* RAW DATA:
-*-

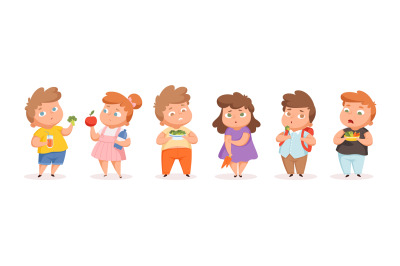 Fatty children on diet. Overweight kids eating vegetables and fruits.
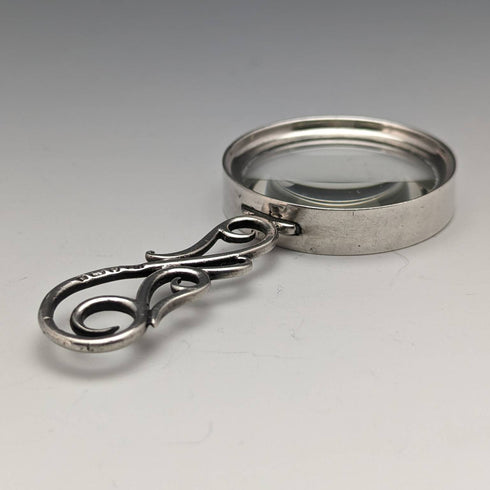 1878 British Antique Sterling Silver Small Loupe Magnifying Glass Lawrence Emanual
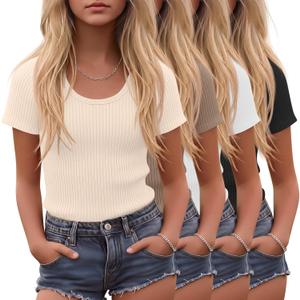4 Pack Girls' T-Shirts Short Sleeve Ribbed Knit Tops Soft Slim Fit Scoop Neck Summer Athletic Basic Tees 5-14 Years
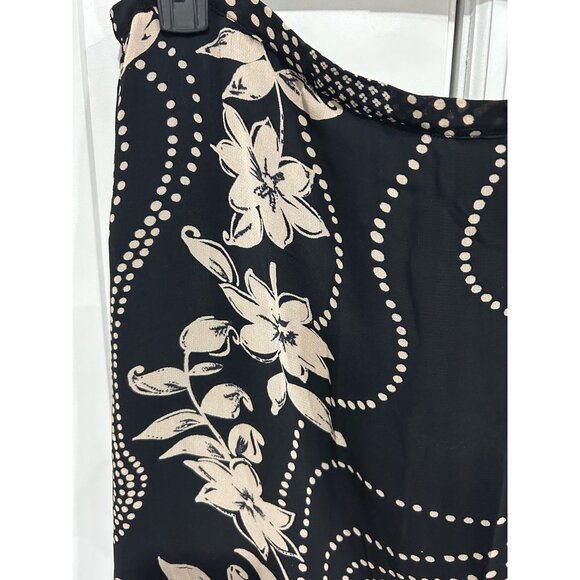 Chicos Design Floral Dot Midi Skirt Black Beige Sz M Rayon Boho Whimsigoth - Picture 5 of 11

-*-

* EXERCISE DETAILS: From the line containing "1878 British Antique" down to the last line of the data, print every line exactly and nothing else. Pictures stay out of the copy.

* PROBLEM SOLUTION:
 1878 British Antique Sterling Silver Small Loupe Magnifying Glass Lawrence Emanual
4 Pack Girls' T-Shirts Short Sleeve Ribbed Knit Tops Soft Slim Fit Scoop Neck Summer Athletic Basic Tees 5-14 Years
 Chicos Design Floral Dot Midi Skirt Black Beige Sz M Rayon Boho Whimsigoth - Picture 5 of 11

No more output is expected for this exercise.